Alzheimer’s cannabinoids under the microscope
Earlier this year, researchers used THC to prove that the reduction in inflammatory plaques had a neuroprotectant effect, but now the race is on to see whether THC or CBD will prove to be the most effective Alzheimer’s cannabinoid.
No matter which cannabinoid gets the green light, this research may yet give rise to something we’ve all been waiting for: an effective remedy to stop the progression of Alzheimer’s disease. With nearly 44 million people around the world suffering from this terrible malady, and with the US’s ageing population expected to show a 300% increase in Alzheimer’s cases during the next 50 years, the benefits of such a drug would be immeasurable.

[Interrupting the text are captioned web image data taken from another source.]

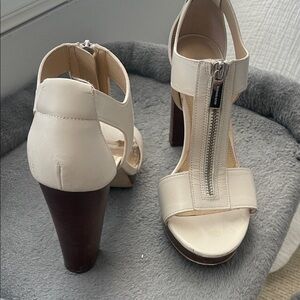 Michael Kors Cream Heels with Zipper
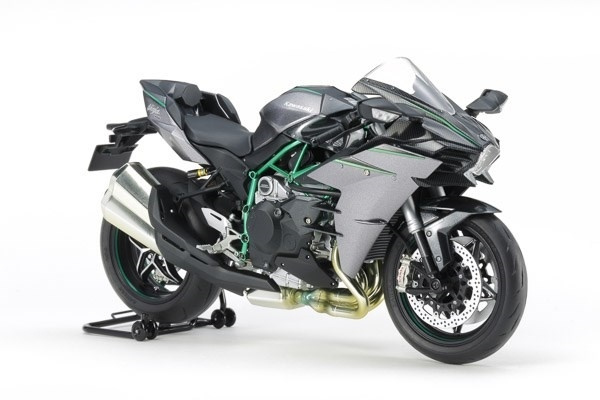 Tamiya 1:12 Kawasaki Ninja H2 Hiili ryhmässä URHEILU, VAPAA-AIKA JA HARRASTUS / Harrastus / Muovimallit / Moottoripyörät @ TP E-commerce Nordic AB (A07393)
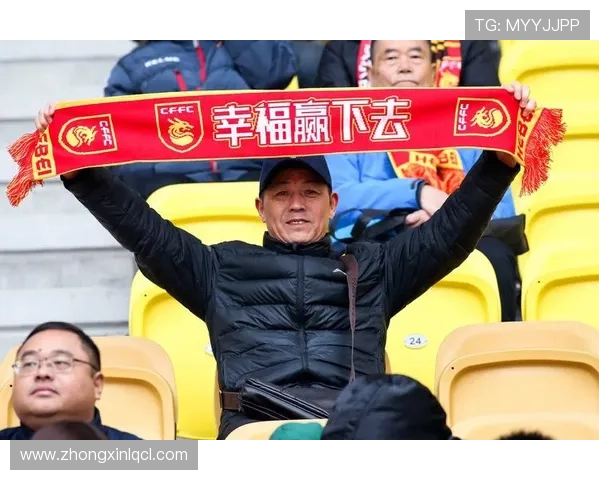 迈阿密小伙约维奇签新合同感谢球迷支持晒幸福合影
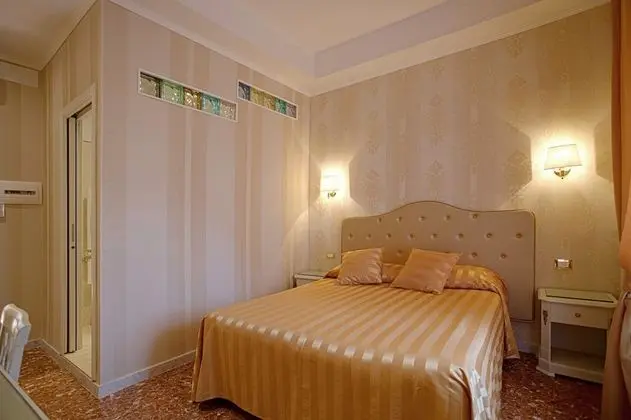 Classic Tek Büyük veya İki Ayrı Yataklı Oda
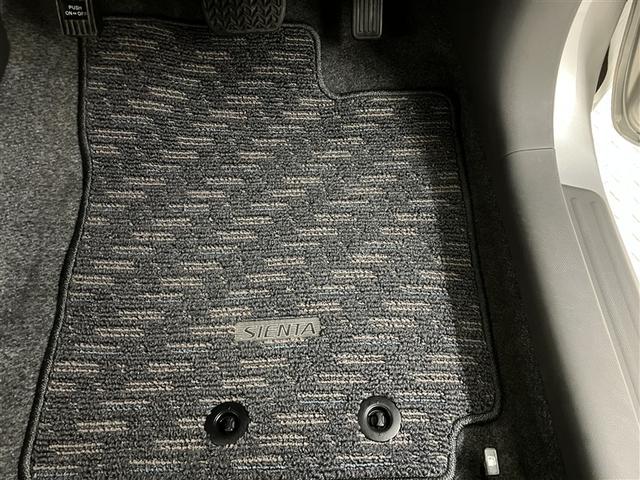 シエンタ DICE-G ウォークスルー Bカメ ワンセグテレビ Pウインドウ WエアB キーレスエントリーキー メンテナンスノート AUX接続 メモリーナビ ナビTV 両側自動ドア ABS エアバッグ 3列シート 1オーナー(31枚目)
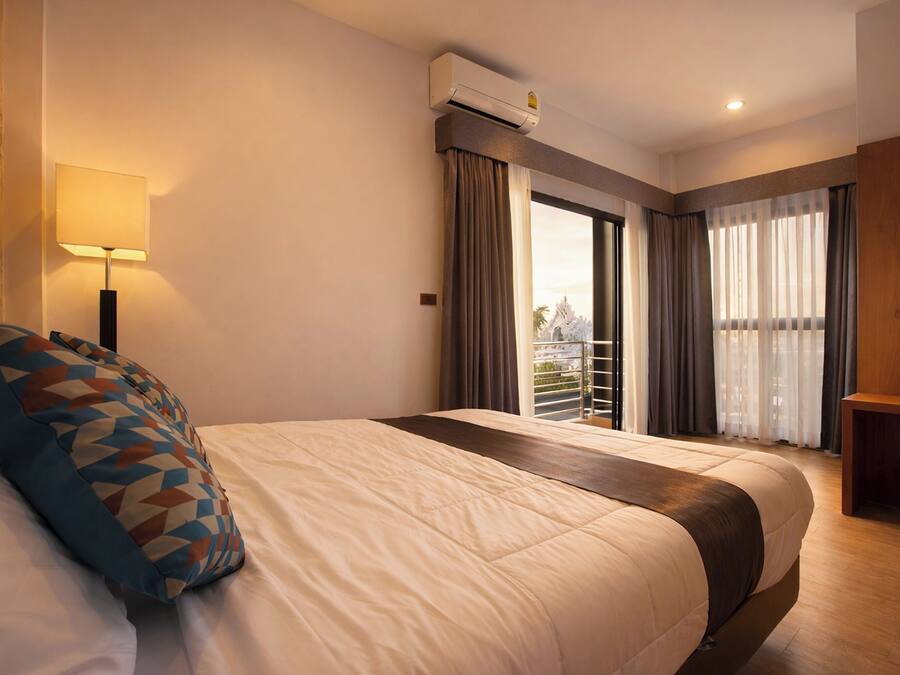 Junior suite, balkon | Een minibar, een bureau, gratis wifi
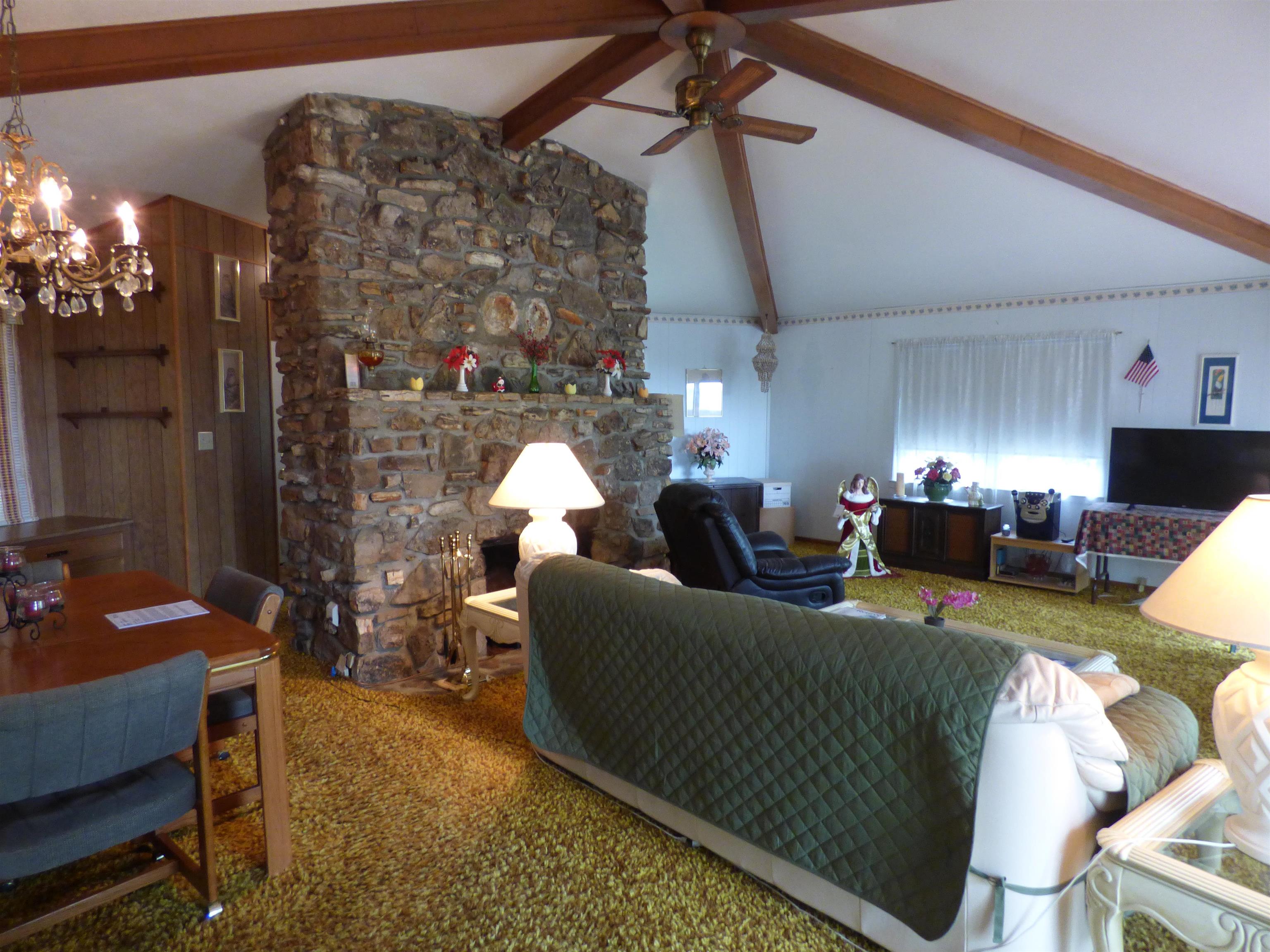 8  Aqua  Cherokee Village, AR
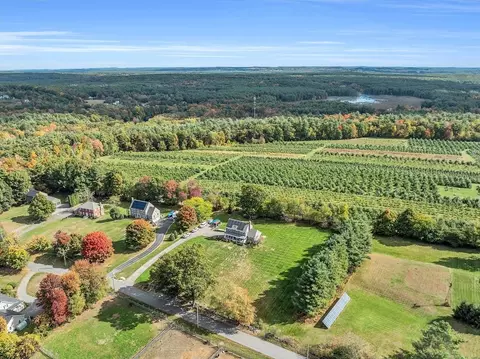 8 The Ln, Lunenburg, MA 01462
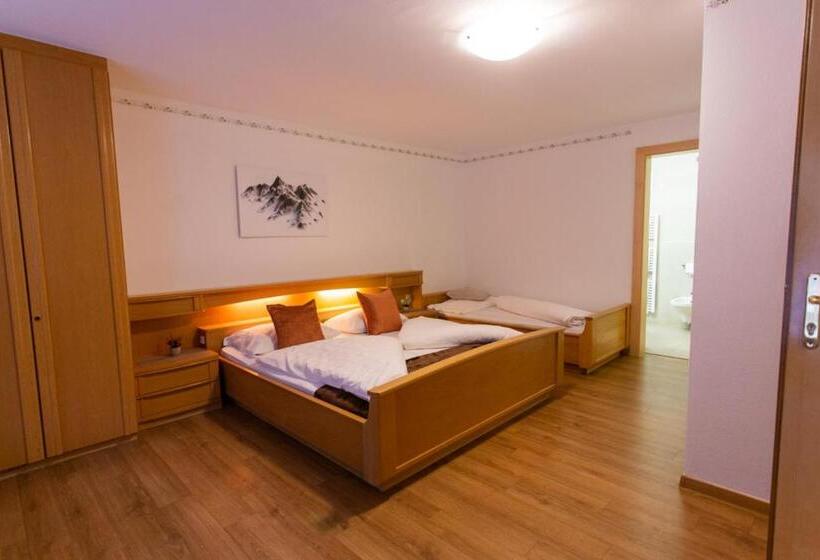Трехместный Номер Стандарт с Балконом, Almhotel Bergerhof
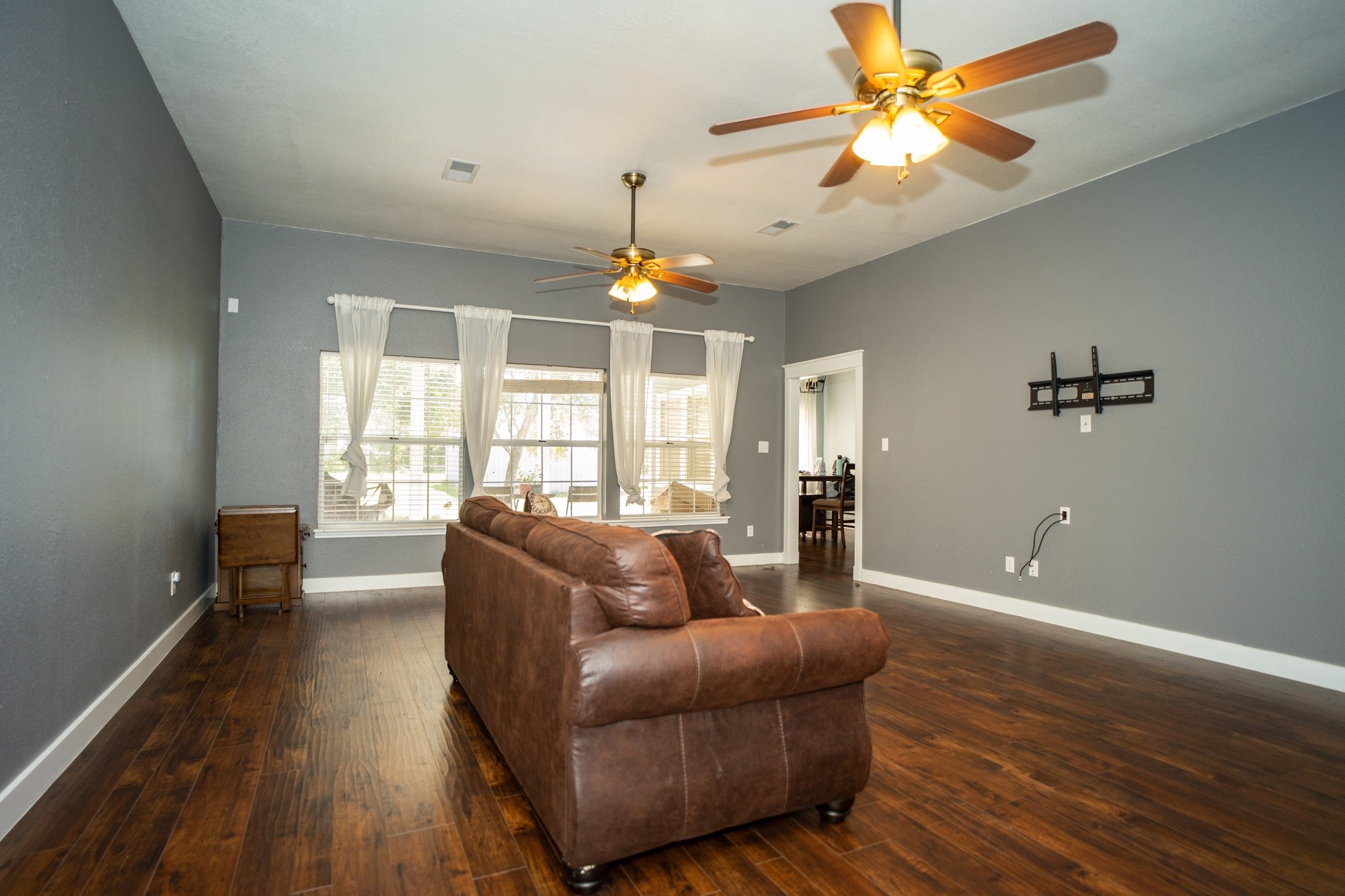 1302 Southfork Lane Rosharon, TX 77583 - Photo 8 of 22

Cannabidiol may have the same effect as THC – without the high
Although the report did not focus closely on cannabidiol’s mode of action and why this could help Alzheimer’s patients, it is very likely that the mode of action for both Alzheimer’s cannabinoids would be similar. In July, the Salk Institute reported that THC reduced the amount of amyloid beta produced by neurons, a marker for Alzheimer’s disease. The protein causes inflammation which ultimately results in nerve-cell death and the progression of the disease.
The one advantage that cannabidiol has over THC as an Alzheimer’s cannabinoid if it can be shown to have a similar mode of action, is the lack of the “high” side-effect that may aggravate matters for patients already suffering from mental confusion.